Published: 07 February 2018
Author: Ryan Carlisle Thomas
Unnecessary delays by insurers are making injured workers wait
Injured workers are entitled to receive information that is collected about their claim in a timely manner from insurers and self-insurers. This includes things like claim forms, letters to treating health practitioners (and any subsequent reports by treating health practitioners), and reports from the insurer’s or self-insurer’s independent doctors.
In fact, Section 9 of the Workplace Injury Rehabilitation and Compensation Act 2013 (colloquially, ‘the WIRC Act’) stipulates that any request for information from the insurer’s or self-insurer’s file be provided to the person who has made a claim for compensation, including their legal representatives with a signed authority, within 28 days.
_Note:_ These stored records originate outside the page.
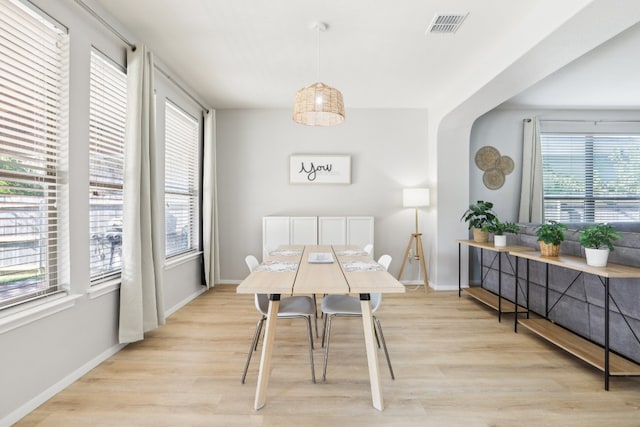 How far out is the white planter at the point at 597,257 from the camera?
2.33m

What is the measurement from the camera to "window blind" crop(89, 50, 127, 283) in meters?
2.57

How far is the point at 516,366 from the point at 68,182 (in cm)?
348

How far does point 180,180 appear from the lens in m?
4.21

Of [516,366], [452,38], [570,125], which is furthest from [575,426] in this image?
[570,125]

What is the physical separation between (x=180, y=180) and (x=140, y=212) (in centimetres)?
143

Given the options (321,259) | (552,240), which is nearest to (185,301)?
(321,259)

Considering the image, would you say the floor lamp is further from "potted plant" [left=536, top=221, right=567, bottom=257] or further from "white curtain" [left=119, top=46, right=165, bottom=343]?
"white curtain" [left=119, top=46, right=165, bottom=343]

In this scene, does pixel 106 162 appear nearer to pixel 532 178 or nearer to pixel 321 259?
pixel 321 259

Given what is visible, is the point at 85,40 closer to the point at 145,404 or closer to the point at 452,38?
the point at 145,404

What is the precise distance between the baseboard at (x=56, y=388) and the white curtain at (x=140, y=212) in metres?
0.15

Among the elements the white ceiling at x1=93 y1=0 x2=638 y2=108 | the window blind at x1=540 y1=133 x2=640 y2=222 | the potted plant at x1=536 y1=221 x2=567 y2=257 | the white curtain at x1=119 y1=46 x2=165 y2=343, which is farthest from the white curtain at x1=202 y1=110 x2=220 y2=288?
the window blind at x1=540 y1=133 x2=640 y2=222

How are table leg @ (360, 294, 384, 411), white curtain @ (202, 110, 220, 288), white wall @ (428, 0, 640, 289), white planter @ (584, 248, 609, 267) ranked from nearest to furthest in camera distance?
table leg @ (360, 294, 384, 411)
white wall @ (428, 0, 640, 289)
white planter @ (584, 248, 609, 267)
white curtain @ (202, 110, 220, 288)

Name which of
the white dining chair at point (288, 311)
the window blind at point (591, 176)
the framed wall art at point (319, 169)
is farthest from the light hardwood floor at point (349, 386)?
the window blind at point (591, 176)

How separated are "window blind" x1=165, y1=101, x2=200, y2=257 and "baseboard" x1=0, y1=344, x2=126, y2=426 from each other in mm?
1431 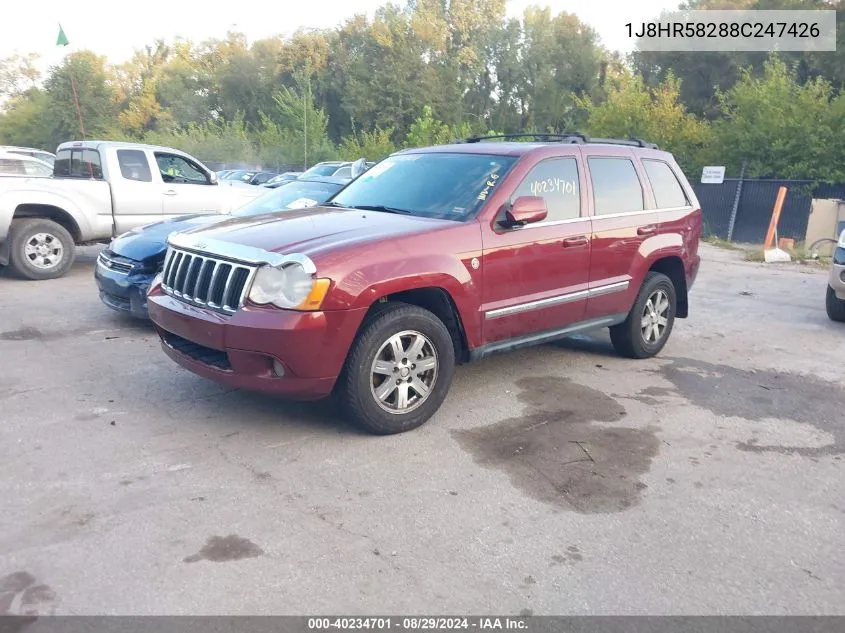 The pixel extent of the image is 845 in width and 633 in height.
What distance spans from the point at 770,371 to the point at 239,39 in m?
58.1

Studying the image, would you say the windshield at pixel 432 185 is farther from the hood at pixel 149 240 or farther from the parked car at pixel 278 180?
the parked car at pixel 278 180

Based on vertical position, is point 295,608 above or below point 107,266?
below

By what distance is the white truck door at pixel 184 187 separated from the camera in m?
10.8

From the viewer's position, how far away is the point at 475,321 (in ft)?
16.7

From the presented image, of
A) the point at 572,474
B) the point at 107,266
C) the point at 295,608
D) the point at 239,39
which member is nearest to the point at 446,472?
the point at 572,474

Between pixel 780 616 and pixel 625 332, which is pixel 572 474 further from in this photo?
pixel 625 332

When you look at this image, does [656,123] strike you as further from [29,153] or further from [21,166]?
[21,166]

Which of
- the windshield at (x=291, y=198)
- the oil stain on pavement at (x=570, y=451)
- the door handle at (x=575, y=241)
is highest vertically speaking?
the windshield at (x=291, y=198)

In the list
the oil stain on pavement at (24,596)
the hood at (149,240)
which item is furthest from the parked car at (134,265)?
the oil stain on pavement at (24,596)

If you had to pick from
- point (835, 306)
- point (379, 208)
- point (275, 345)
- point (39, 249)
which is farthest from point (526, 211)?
point (39, 249)

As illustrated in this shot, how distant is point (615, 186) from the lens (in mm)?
6242

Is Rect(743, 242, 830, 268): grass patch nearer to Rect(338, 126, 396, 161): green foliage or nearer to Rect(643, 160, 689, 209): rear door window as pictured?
Rect(643, 160, 689, 209): rear door window

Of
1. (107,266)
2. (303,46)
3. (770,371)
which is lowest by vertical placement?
(770,371)

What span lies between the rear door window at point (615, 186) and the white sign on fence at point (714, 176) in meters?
14.0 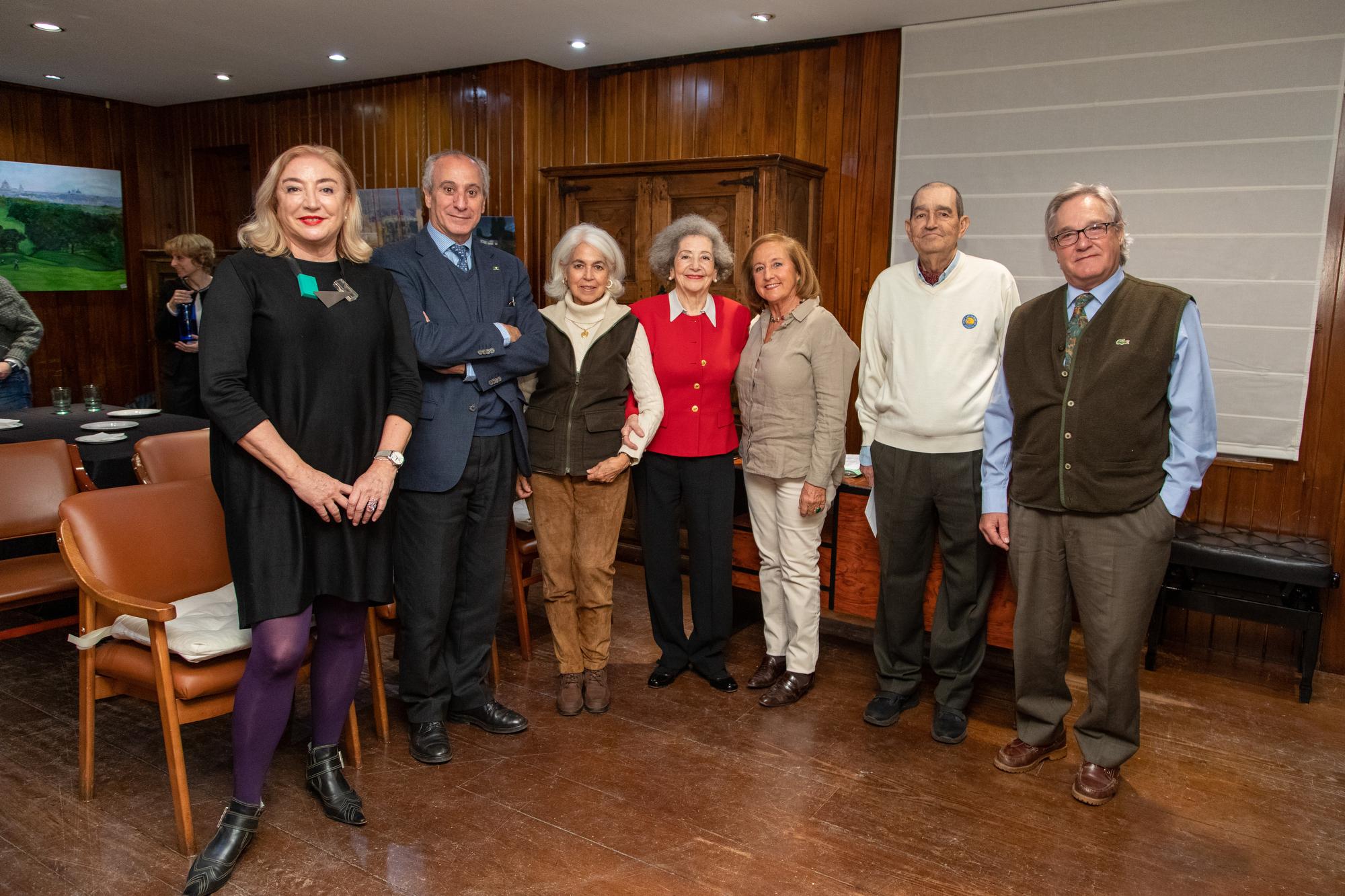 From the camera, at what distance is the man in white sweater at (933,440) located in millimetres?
3189

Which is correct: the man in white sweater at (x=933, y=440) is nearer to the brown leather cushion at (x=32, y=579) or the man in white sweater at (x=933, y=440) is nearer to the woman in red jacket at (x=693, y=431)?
the woman in red jacket at (x=693, y=431)

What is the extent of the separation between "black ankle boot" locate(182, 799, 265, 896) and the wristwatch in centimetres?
96

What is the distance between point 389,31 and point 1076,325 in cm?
422

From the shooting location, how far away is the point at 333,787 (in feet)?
9.09

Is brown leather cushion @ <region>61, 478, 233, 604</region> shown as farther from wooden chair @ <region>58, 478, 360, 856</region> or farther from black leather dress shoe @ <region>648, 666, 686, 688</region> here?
black leather dress shoe @ <region>648, 666, 686, 688</region>

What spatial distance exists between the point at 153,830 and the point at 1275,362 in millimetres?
4502

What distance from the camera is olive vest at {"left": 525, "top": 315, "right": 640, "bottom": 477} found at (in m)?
3.28

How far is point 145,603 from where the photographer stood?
246cm

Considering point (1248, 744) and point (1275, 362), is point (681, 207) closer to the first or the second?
point (1275, 362)

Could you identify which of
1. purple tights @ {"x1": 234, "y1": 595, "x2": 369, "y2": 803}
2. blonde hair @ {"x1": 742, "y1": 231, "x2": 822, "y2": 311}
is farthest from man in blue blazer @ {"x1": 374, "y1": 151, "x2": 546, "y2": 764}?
blonde hair @ {"x1": 742, "y1": 231, "x2": 822, "y2": 311}

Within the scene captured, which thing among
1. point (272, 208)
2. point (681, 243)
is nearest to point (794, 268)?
point (681, 243)

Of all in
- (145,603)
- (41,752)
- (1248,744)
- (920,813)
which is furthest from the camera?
(1248,744)

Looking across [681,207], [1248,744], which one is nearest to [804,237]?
[681,207]

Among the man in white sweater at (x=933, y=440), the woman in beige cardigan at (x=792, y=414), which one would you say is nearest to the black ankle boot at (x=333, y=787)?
the woman in beige cardigan at (x=792, y=414) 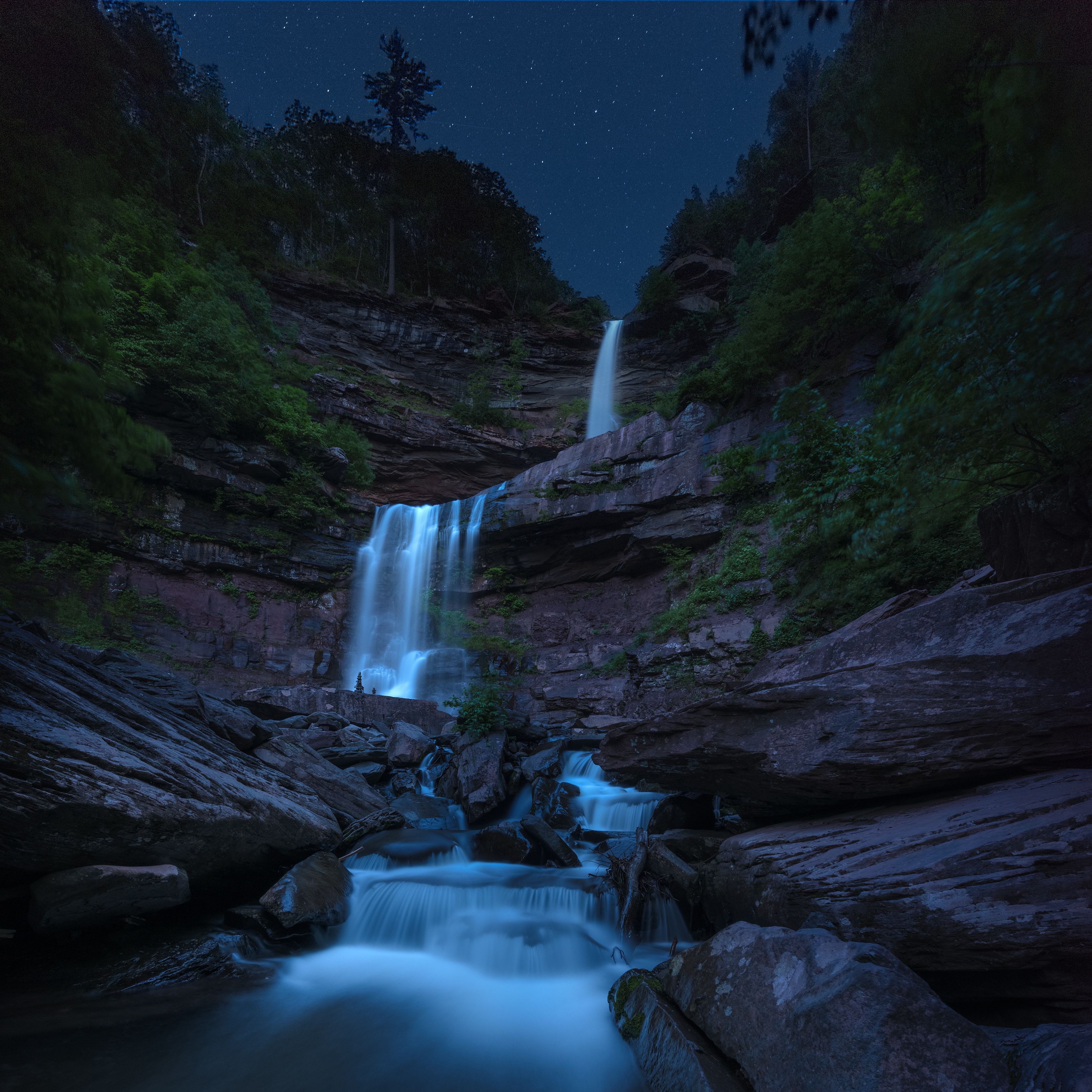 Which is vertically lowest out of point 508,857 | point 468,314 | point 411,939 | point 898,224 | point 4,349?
point 411,939

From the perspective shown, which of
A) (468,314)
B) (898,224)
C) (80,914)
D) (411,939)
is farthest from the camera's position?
(468,314)

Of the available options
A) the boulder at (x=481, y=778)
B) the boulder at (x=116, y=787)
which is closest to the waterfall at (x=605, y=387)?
the boulder at (x=481, y=778)

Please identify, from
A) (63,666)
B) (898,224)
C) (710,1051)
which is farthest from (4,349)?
(898,224)

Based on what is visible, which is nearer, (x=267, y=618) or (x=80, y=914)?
(x=80, y=914)

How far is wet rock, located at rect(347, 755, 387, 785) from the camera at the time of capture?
10258 millimetres

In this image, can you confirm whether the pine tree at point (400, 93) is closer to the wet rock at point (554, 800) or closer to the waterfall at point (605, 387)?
the waterfall at point (605, 387)

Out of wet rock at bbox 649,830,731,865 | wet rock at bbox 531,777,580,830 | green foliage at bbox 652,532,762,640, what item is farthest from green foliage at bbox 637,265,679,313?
wet rock at bbox 649,830,731,865

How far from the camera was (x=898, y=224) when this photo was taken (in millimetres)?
15281

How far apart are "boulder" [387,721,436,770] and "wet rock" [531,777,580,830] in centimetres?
263

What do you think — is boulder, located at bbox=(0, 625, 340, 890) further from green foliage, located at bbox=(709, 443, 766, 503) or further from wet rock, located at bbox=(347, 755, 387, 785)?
green foliage, located at bbox=(709, 443, 766, 503)

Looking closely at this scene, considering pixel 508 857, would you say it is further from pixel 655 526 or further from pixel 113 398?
pixel 113 398

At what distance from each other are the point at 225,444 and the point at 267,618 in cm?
636

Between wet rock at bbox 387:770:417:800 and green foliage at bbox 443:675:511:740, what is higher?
green foliage at bbox 443:675:511:740

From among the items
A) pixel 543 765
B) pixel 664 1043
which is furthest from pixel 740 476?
pixel 664 1043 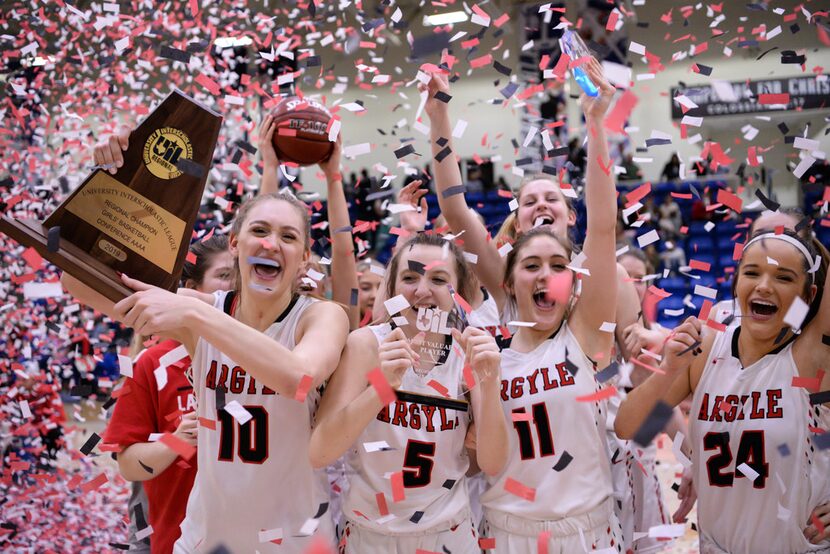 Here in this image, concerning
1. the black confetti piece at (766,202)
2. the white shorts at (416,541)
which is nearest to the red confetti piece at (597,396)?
the white shorts at (416,541)

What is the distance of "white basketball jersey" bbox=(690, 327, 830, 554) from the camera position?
2.25m

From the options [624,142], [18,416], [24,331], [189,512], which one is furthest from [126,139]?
[624,142]

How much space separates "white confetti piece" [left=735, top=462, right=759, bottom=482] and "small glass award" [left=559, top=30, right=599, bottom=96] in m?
Result: 1.24

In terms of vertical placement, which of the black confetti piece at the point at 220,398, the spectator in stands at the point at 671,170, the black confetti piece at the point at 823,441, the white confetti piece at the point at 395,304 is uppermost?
the spectator in stands at the point at 671,170

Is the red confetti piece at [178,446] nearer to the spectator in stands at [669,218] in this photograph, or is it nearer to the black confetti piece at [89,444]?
the black confetti piece at [89,444]

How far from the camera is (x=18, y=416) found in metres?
5.14

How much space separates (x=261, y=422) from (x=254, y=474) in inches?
5.8

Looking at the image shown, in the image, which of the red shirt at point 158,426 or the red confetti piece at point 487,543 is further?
the red shirt at point 158,426

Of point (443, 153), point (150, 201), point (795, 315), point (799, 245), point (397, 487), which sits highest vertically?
point (443, 153)

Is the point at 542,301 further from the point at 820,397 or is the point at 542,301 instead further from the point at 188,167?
the point at 188,167

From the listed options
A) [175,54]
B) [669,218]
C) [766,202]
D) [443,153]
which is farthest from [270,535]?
[669,218]

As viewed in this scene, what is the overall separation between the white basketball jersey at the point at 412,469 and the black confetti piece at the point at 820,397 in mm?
1030

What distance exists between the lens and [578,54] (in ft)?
8.52

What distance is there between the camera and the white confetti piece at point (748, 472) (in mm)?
2270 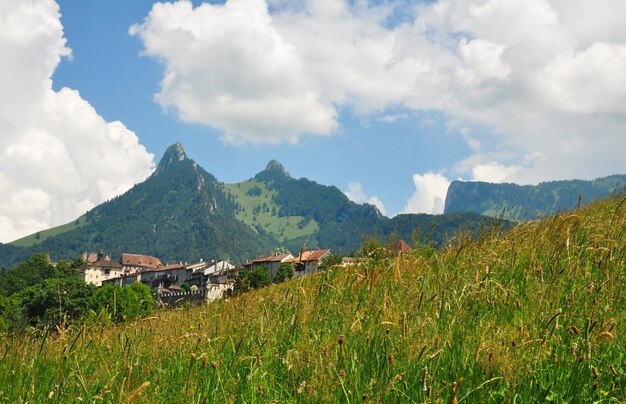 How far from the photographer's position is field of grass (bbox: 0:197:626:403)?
3.62m

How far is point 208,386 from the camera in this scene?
3895 mm

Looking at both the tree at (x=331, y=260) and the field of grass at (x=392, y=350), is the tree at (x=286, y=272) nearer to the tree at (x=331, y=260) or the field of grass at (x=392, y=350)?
the tree at (x=331, y=260)

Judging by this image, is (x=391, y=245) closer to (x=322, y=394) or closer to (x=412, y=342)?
(x=412, y=342)

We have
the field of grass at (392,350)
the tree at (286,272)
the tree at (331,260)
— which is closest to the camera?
the field of grass at (392,350)

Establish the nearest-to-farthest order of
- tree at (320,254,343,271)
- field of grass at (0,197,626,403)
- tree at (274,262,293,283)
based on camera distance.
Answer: field of grass at (0,197,626,403) < tree at (274,262,293,283) < tree at (320,254,343,271)

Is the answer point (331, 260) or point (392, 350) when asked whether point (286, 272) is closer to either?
point (331, 260)

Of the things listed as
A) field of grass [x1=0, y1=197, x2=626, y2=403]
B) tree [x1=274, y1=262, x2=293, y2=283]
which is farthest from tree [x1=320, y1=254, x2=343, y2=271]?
field of grass [x1=0, y1=197, x2=626, y2=403]

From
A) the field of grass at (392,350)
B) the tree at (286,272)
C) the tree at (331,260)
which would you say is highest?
the tree at (331,260)

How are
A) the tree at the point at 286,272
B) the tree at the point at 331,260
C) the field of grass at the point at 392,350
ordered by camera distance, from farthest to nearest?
1. the tree at the point at 331,260
2. the tree at the point at 286,272
3. the field of grass at the point at 392,350

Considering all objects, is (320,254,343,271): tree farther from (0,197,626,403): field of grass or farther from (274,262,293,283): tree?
(0,197,626,403): field of grass

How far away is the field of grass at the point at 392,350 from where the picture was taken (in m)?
3.62

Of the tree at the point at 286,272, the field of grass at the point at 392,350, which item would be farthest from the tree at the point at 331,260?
the field of grass at the point at 392,350

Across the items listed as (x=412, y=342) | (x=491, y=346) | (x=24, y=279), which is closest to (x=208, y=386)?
(x=412, y=342)

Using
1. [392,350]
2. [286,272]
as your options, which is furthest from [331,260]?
[286,272] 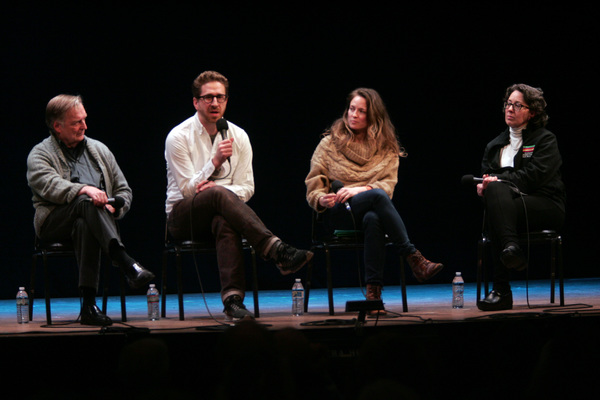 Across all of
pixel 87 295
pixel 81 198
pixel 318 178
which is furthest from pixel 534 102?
pixel 87 295

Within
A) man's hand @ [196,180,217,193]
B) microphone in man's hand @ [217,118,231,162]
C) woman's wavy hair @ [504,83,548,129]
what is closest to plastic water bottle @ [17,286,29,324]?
man's hand @ [196,180,217,193]

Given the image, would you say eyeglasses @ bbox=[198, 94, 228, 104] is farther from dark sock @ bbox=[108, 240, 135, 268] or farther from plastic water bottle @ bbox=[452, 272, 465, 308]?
plastic water bottle @ bbox=[452, 272, 465, 308]

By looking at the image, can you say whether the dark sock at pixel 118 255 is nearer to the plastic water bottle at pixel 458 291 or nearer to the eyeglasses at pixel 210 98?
the eyeglasses at pixel 210 98

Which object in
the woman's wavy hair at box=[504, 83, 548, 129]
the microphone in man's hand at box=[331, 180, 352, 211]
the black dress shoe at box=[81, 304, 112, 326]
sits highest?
the woman's wavy hair at box=[504, 83, 548, 129]

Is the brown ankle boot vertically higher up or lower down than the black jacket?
lower down

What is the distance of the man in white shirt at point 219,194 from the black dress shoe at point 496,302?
0.95 metres

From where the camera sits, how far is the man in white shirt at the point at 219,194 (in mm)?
3447

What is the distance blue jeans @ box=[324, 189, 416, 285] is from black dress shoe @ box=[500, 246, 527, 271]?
0.45 meters

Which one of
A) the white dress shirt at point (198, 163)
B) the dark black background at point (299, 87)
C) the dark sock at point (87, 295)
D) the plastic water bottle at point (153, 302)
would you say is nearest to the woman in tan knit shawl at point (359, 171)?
the white dress shirt at point (198, 163)

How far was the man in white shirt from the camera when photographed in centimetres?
345

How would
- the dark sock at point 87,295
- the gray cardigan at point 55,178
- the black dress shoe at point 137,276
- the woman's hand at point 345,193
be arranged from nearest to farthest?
1. the black dress shoe at point 137,276
2. the dark sock at point 87,295
3. the gray cardigan at point 55,178
4. the woman's hand at point 345,193

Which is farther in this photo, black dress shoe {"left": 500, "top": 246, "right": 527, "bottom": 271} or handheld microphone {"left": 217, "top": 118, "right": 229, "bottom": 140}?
handheld microphone {"left": 217, "top": 118, "right": 229, "bottom": 140}

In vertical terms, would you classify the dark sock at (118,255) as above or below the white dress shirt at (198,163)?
below

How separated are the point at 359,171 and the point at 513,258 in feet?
3.21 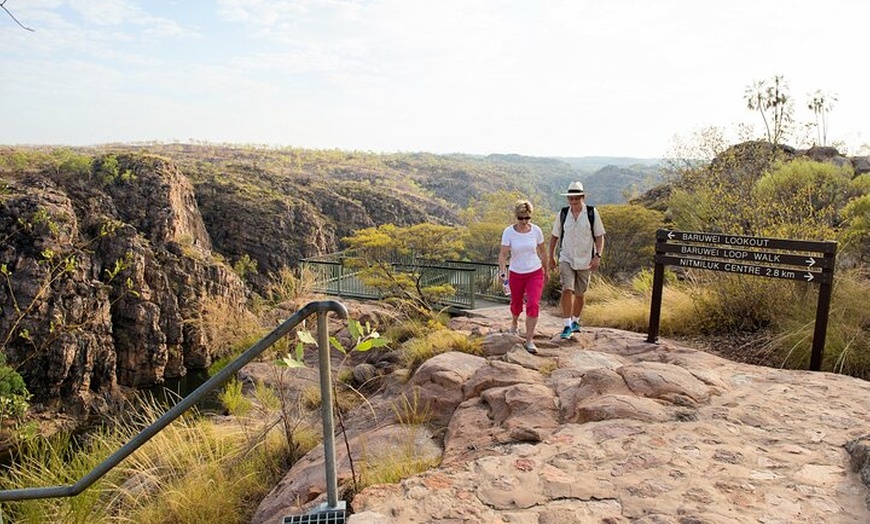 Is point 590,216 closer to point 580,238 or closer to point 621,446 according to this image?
point 580,238

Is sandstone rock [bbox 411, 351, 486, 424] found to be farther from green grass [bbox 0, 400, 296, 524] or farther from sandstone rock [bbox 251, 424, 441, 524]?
green grass [bbox 0, 400, 296, 524]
It is highly frustrating for clients and for us that this requirement is now being ignored in some situations, and for specious reasons.
On behalf of clients, we routinely request information from insurers and self-insurers to ensure we are fully informed about our client’s claims and cases. However, we find clients are usually most interested in the reports that are produced following an examination by one of the insurer’s independent doctors. Our clients, or any injured worker, for that matter, are entitled to be provided with a copy of that report within 28 days of their request.
Unfortunately, we are hearing from our clients recently that this is not happening.
What factors might delay or prevent the provision of the reports to injured workers?
There are some circumstances where insurers and self-insurer’s may refuse to provide information from their file to injured workers or their representatives. They may refuse to provide information if they are satisfied that:
- The information is exempt information (information of a kind which would not be provided in any ordinary freedom of information request pursuant to the Freedom of Information Act 1982);
- The same information has been given to the injured worker (or their representative) in the 12 months prior to the request or has previously been refused under the Act;
- The information is health information which would pose a serious threat to the life or the health of the person if the information were to be given to that person.
We are hearing from our clients that insurers are refusing to provide these reports directly to them, preferring to give the reports to their doctors instead for them to provide the injured worker with a copy.
There are some circumstances where for example someone is likely to be psychologically psychiatrically affected by the provision of the information, and we accept that in those circumstances that would be the proper channel for that worker to access that information to ensure that the worker’s health is not adversely affected. As many (if not, most) cases are not like this, there is no justification for this means of channeling client information to have become the norm, which it has done among insurers and self-insurers.
The flip side of this coin is that workers are being forced to wait longer than 28 days to find out exactly what the insurers’ independent doctors have said about them and their injuries.
Insurers, on occasions, do provide clients with a brief excerpt from the report but many of the comments plucked from the reports by case managers are out of context and in many cases do not provide clients with meaningful understanding of what the doctor has said about them. This, more often than not, is a source of anxiety for clients concerned about their entitlements being prematurely terminated or altered.
It’s clear the WorkCover Authority takes workers’ privacy seriously and understands the sensitivity of the information it and its agents collects about workers in managing these claims. However, there must be a better balance between protecting injured workers’ privacy and ensuring that injured workers are provided with timely and trouble-free access to information about them.
From speaking with our clients, striking a better balance would improve the workers’ overall claim experience which is already made difficult by the inherent nature of their situations.